WORK ITEM ▸ From the records below, please print only the lines from the one containing "教师个人述职报告县管校聘8篇" through the one containing "ΑΑΕΕ: Η αδήλωτη", both included. Skip the pictures.
---- SUPPLIED RECORDS
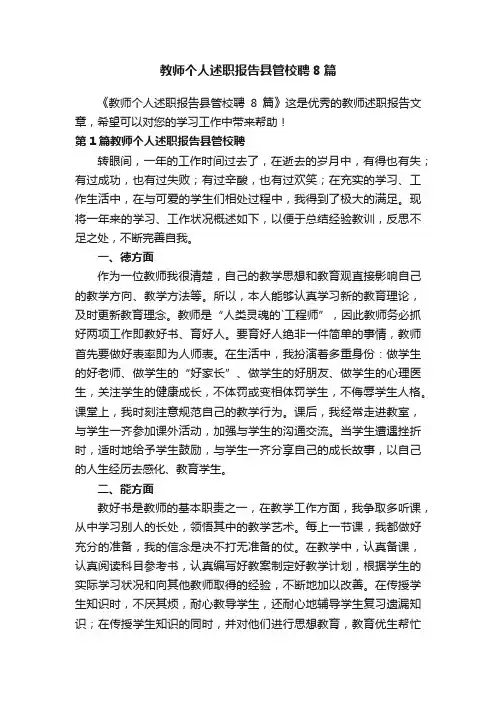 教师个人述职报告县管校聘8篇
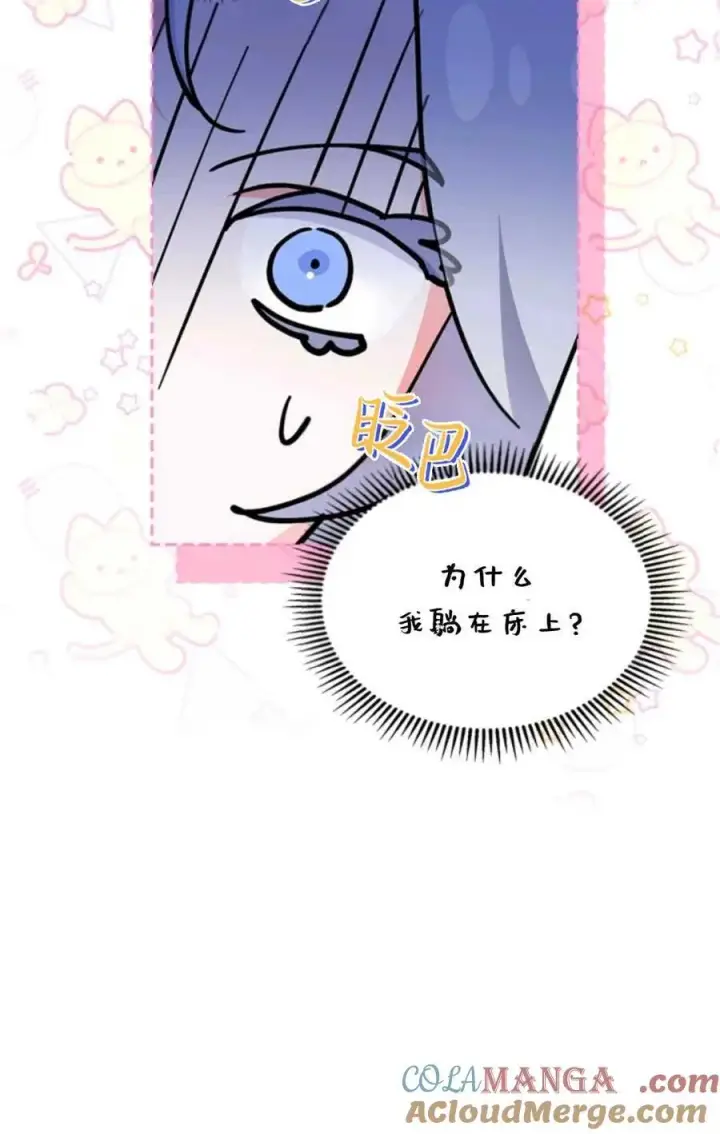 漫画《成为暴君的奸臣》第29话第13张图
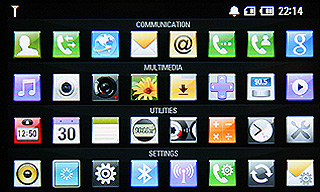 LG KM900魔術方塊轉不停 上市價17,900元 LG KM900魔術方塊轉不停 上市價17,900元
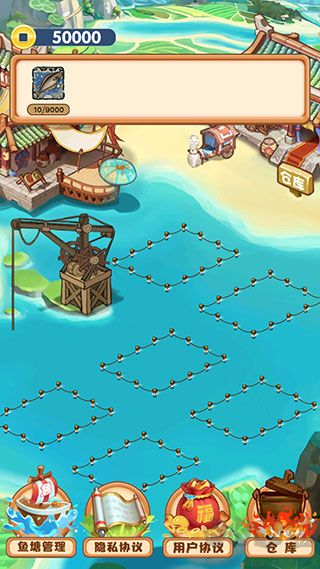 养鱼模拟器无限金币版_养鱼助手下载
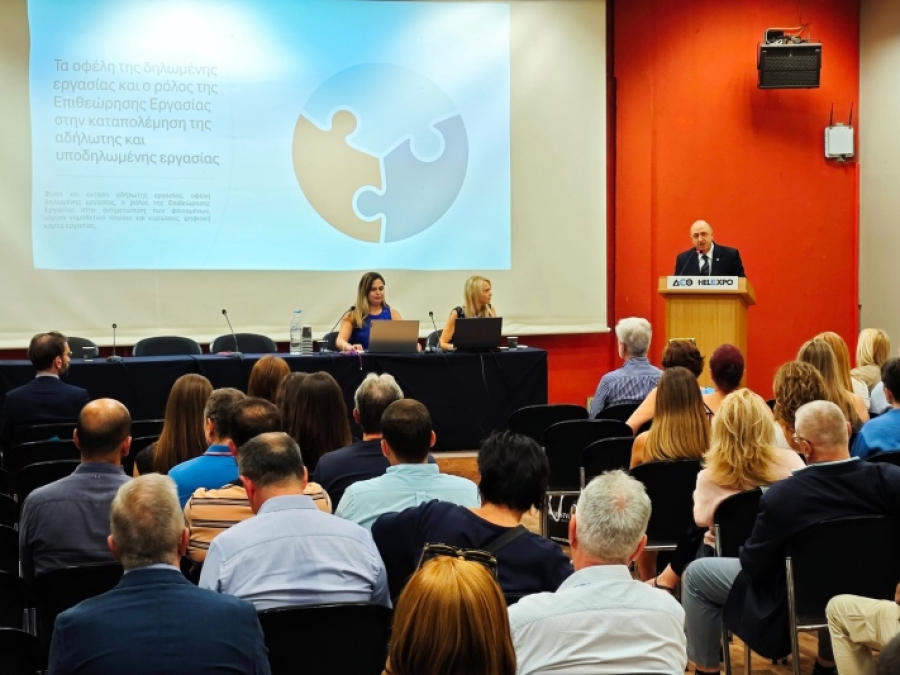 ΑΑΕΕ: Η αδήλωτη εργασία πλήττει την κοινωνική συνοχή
--------
---- SUPPLIED RECORDS
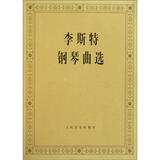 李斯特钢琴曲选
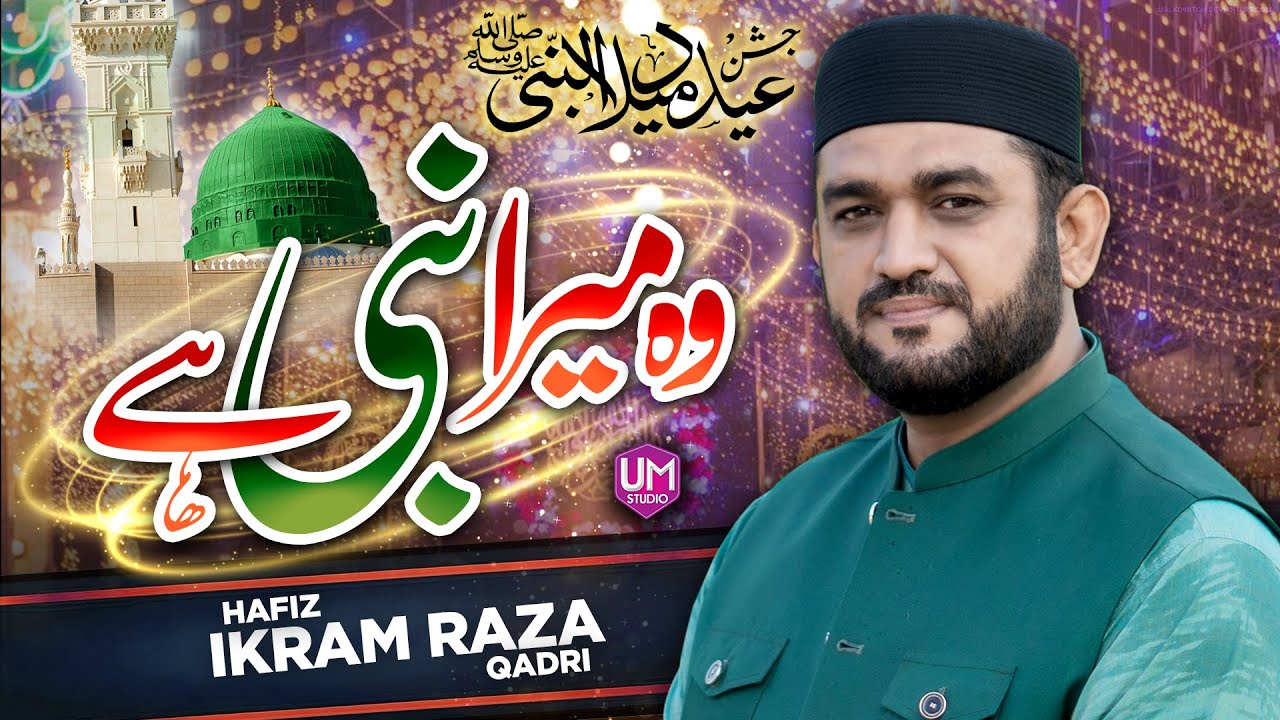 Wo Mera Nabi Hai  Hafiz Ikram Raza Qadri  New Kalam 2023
--------
---- SUPPLIED RECORDS
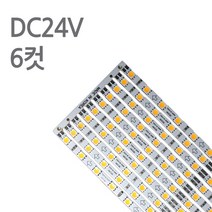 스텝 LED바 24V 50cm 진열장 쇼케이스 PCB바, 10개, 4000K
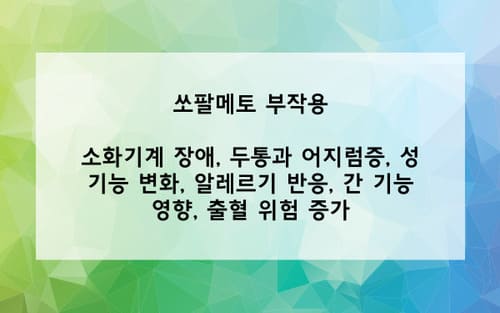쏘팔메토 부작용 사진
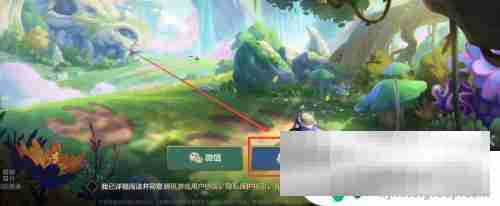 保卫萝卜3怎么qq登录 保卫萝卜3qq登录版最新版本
--------
SOLUTION TO THE EXERCISE ▸
 教师个人述职报告县管校聘8篇
 漫画《成为暴君的奸臣》第29话第13张图
 LG KM900魔術方塊轉不停 上市價17,900元 LG KM900魔術方塊轉不停 上市價17,900元
 养鱼模拟器无限金币版_养鱼助手下载
 ΑΑΕΕ: Η αδήλωτη εργασία πλήττει την κοινωνική συνοχή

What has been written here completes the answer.